= Beginning of Section =
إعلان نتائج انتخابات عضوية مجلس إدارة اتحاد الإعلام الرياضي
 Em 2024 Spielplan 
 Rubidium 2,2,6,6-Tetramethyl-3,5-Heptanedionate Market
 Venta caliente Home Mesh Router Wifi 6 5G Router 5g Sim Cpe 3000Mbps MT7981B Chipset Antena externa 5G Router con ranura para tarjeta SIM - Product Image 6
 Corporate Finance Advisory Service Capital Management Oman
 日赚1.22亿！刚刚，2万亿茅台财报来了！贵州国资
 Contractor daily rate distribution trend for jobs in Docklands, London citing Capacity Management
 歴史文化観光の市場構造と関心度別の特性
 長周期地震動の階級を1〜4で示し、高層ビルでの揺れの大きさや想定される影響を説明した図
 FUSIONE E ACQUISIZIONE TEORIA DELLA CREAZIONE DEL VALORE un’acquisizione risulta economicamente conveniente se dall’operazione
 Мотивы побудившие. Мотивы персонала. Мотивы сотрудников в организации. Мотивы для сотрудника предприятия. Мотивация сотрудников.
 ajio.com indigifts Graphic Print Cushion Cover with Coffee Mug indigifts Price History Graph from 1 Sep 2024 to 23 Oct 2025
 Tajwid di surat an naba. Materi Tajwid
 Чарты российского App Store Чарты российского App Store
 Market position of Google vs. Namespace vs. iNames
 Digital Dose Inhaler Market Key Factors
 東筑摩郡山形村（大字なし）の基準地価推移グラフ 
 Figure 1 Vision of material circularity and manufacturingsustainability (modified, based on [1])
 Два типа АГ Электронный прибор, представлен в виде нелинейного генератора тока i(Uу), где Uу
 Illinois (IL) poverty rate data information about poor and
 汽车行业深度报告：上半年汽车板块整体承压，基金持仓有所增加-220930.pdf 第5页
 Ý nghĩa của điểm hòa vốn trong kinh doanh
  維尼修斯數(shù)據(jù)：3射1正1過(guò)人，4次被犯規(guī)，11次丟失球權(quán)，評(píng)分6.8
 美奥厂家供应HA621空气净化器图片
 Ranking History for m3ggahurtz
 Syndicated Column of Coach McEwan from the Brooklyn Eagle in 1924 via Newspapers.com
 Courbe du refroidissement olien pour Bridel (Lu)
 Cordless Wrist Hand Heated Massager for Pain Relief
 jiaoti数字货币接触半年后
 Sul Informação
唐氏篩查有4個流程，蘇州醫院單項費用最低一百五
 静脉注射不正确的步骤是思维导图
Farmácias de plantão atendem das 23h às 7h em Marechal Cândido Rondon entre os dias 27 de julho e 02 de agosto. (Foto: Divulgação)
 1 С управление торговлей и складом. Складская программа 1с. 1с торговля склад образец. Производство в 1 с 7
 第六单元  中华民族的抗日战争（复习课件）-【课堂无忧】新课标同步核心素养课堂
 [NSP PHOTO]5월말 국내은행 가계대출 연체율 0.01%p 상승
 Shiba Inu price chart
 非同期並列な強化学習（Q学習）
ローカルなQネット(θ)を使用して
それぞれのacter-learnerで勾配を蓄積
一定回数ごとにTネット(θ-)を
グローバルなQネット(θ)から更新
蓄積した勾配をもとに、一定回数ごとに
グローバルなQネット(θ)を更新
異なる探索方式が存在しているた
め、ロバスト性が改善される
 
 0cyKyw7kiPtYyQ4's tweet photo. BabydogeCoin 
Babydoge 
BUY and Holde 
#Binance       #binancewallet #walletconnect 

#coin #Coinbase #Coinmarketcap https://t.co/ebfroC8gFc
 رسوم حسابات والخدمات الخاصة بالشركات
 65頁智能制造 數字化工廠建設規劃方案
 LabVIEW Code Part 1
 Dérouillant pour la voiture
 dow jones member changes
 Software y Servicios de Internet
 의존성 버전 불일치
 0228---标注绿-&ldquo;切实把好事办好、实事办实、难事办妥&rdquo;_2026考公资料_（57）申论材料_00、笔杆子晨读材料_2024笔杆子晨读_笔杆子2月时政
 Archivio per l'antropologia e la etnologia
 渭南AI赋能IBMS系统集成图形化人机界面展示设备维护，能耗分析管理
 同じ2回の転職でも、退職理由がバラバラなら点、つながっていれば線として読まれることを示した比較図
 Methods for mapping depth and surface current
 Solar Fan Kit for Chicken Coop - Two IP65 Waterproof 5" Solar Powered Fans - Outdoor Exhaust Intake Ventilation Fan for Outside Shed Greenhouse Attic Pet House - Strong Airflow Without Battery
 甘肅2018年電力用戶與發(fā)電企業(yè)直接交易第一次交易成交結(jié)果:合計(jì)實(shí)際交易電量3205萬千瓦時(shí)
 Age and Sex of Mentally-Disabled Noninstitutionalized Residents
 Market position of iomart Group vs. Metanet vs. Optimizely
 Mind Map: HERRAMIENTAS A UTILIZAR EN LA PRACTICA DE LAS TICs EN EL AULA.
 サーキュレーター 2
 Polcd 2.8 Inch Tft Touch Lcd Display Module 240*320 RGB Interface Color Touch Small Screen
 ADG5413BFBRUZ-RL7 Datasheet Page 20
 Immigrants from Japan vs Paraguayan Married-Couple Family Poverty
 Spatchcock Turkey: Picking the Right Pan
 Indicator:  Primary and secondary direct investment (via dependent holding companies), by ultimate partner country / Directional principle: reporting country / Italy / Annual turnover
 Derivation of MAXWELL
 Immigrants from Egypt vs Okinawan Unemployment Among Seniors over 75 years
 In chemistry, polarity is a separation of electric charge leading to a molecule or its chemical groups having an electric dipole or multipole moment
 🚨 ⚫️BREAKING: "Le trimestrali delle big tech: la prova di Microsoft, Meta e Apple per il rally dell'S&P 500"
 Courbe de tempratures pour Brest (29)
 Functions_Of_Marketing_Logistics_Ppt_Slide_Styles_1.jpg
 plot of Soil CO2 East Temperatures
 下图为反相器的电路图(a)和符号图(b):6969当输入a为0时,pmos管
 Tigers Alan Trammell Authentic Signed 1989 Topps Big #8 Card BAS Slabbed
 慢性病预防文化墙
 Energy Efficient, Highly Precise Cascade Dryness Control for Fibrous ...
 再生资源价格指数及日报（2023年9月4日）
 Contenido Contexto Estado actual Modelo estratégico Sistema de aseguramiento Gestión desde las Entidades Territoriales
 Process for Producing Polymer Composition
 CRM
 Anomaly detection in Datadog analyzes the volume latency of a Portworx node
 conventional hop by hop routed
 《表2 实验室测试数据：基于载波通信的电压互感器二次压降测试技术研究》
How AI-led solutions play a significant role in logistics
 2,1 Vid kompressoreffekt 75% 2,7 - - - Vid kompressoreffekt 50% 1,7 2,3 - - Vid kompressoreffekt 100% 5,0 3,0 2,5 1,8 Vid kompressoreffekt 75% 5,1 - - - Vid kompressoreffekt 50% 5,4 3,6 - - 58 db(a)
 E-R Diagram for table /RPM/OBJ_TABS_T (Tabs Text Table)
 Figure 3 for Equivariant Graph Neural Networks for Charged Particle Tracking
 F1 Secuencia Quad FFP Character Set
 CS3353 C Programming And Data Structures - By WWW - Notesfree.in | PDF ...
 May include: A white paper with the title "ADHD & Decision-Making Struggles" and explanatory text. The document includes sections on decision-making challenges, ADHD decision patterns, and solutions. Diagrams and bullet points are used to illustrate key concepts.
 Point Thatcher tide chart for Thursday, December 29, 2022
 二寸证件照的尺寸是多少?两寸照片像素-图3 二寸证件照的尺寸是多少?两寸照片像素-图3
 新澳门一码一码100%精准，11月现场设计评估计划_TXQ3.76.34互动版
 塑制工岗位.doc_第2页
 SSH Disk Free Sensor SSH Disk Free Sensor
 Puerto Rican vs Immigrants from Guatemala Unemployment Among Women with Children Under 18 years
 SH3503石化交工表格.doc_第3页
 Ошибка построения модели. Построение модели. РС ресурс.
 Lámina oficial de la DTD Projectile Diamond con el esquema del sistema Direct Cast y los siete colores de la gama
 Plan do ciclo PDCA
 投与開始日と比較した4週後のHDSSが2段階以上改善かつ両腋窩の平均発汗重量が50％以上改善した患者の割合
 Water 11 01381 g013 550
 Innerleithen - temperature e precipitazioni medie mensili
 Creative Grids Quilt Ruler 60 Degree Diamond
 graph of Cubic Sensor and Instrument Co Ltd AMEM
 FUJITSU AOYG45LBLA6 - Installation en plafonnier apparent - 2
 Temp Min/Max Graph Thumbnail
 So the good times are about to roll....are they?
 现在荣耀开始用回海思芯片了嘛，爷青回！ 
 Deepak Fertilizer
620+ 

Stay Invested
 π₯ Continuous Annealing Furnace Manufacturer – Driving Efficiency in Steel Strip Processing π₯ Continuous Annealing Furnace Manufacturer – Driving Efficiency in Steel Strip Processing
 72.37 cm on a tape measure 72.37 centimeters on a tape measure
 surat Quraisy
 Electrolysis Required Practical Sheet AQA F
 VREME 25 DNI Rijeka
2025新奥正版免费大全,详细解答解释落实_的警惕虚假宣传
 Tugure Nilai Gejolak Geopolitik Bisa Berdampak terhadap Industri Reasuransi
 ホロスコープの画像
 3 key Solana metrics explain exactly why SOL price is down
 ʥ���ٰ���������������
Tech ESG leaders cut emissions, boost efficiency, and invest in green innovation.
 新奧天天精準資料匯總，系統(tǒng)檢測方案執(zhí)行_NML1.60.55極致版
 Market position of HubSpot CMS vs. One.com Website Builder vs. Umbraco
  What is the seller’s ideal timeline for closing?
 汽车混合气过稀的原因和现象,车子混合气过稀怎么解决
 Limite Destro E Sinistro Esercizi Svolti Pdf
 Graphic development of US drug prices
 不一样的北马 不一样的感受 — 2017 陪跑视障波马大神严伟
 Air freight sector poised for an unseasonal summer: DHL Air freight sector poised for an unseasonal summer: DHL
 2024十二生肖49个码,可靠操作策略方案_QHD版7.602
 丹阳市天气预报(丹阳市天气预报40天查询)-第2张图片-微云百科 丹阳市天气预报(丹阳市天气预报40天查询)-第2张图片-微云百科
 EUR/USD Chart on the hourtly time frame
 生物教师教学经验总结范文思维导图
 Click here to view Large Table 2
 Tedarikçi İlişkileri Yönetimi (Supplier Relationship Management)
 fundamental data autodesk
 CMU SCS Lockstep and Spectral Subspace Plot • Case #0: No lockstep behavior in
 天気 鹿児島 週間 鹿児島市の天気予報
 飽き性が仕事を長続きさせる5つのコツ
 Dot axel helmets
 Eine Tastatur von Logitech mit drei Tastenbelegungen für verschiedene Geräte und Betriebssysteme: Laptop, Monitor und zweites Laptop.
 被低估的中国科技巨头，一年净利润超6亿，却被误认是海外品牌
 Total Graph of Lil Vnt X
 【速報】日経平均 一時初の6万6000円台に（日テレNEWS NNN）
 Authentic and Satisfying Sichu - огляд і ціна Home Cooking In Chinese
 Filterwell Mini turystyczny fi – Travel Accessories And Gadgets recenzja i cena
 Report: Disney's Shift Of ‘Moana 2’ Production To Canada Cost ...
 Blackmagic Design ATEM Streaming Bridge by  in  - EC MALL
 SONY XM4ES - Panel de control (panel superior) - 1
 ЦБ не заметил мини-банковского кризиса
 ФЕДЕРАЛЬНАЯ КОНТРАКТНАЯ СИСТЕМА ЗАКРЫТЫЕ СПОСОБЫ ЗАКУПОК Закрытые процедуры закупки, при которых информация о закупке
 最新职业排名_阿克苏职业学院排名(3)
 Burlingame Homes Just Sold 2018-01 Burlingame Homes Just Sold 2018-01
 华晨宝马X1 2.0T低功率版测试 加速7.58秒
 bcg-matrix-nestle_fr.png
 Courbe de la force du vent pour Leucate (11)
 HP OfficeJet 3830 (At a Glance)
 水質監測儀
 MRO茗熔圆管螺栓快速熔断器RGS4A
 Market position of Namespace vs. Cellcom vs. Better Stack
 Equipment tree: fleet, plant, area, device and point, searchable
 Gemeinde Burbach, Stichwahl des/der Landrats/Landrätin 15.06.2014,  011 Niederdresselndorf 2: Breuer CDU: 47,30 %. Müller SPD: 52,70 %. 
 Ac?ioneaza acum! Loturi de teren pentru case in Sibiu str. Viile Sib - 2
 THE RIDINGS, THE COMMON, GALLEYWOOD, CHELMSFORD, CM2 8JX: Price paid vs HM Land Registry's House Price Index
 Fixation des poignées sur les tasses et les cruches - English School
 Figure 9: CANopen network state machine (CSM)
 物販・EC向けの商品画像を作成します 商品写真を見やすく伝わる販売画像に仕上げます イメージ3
= End of Section =
WHAT YOU ARE ASKED TO DO: Search the data above for the string "Management" and report each line that holds it.

SOLUTION TO THE EXERCISE:
 Corporate Finance Advisory Service Capital Management Oman
 Contractor daily rate distribution trend for jobs in Docklands, London citing Capacity Management
 Tedarikçi İlişkileri Yönetimi (Supplier Relationship Management)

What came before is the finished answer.